Le ministère de l’Agriculture doit donc revoir sa copie avant juin 2022 pour une mise en œuvre des nouveaux paiements verts le 1erjanvier 2023. L’exécutif démarre alors une série de consultations à marche forcée. Le 30 juin 2022, alors que l’étude commandée à l’OFB n’est toujours pas publiée, le gouvernement annonce un référentiel revisité.

Plusieurs éléments controversés ont été revus. La voie B est écartée. Pour percevoir les éco-régimes, le gouvernement a aussi rehaussé les indicateurs de biodiversité. Enfin, il a été décidé que les aides octroyées aux agriculteurs AB dans le cadre des éco-régimes seraient plus élevées que celles des exploitations HVE.

En août 2022, la Commission européenne valide la nouvelle version. Mais les organisations environnementales ne sont toujours pas convaincues. Le processus de labellisation, d’abord, les laisse sceptiques. L’appellation de la certification est toujours la même. Surtout, les ONG et organisations de santé s’offusquent que l’usage d’engrais et de pesticides de synthèse dangereux soit toujours autorisé.

Certes, avec le label HVE, les agriculteurs ne peuvent pas répandre des produits classés CMR1 (cancérogènes, mutagènes, reprotoxiques de catégorie 1), soit les plus toxiques. « Mais de toute façon la quasi-totalité de ces substances était déjà interdite », rappelle Nadine Lauverjat.
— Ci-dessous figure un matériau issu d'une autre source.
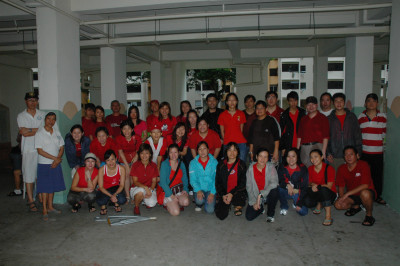 20060108-0270.jpg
En revanche, les CMR de catégorie 2, moins dangereux mais tout de même persistants dans les milieux aquatiques et nocifs pour les abeilles, ne sont pas éliminatoires. Face à ces critiques, le gouvernement a promis de revoir le référentiel. Les requérants, eux, n’y croient plus et demandent à la haute juridiction la suppression pure et simple du label. Suite au prochain épisode.